NSFW: https://w2.eff.org/Censorship/Internet_censorship_bills/russell_0296_indecent.article

Re: [Bloat] The Dark Problem with AQM in the Internet?

[Jan Ceuleers]

On 08/28/2014 06:35 PM, Fred Baker (fred) wrote:
> When a message is lost due to an error, how do you determine whose fault
> it is?

Links need to be engineered for the optimum combination of power,
bandwidth, overhead and residual error that meets requirements. I agree
with your implied point that a single error is unlikely to be indicative
of a real problem, but a link not meeting requirements is someone's fault.

So like Jerry I'd be interested in an ability for endpoints to be able
to collect statistics on per-hop loss probabilities so that admins can
hold their providers accountable.

Jan

Re: [Bloat] The Dark Problem with AQM in the Internet?

[Dave Taht]

On Thu, Aug 28, 2014 at 11:00 AM, Jan Ceuleers <jan.ceuleers@gmail.com> wrote:
> On 08/28/2014 06:35 PM, Fred Baker (fred) wrote:
>> When a message is lost due to an error, how do you determine whose fault
>> it is?
>
> Links need to be engineered for the optimum combination of power,
> bandwidth, overhead and residual error that meets requirements. I agree
> with your implied point that a single error is unlikely to be indicative
> of a real problem, but a link not meeting requirements is someone's fault.
>
> So like Jerry I'd be interested in an ability for endpoints to be able
> to collect statistics on per-hop loss probabilities so that admins can
> hold their providers accountable.

I will argue that a provider demonstrating 3% packet loss and low
latency is "better" than a provider showing .03% packet loss and
exorbitant latency. So I'd rather be measuring latency AND loss.

One very cool thing that went by at sigcomm last week was the concept
of "active networking" revived in the form of "Tiny Packet Programs":
see:

http://arxiv.org/pdf/1405.7143v3.pdf

Which has a core concept of a protocol and virtual machine that can
actively gather data from the path itself about buffering, loss, etc.

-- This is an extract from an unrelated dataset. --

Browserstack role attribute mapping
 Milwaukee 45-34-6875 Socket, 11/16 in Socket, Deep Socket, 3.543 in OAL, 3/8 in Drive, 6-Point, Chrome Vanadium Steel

No implementation was presented, but I could see a way to easily do it
in linux via iptables. Regrettably, elsewhere in the real world, we
have to infer these statistics via various means.



> Jan
>
> _______________________________________________
> Bloat mailing list
> Bloat@lists.bufferbloat.net
> https://lists.bufferbloat.net/listinfo/bloat



-- 
Dave Täht

NSFW: https://w2.eff.org/Censorship/Internet_censorship_bills/russell_0296_indecent.article

Re: [Bloat] The Dark Problem with AQM in the Internet?

[Jonathan Morton]

[-- Attachment #1: Type: text/plain, Size: 569 bytes --]

If it is genuinely a single packet, then I have an alternate theory.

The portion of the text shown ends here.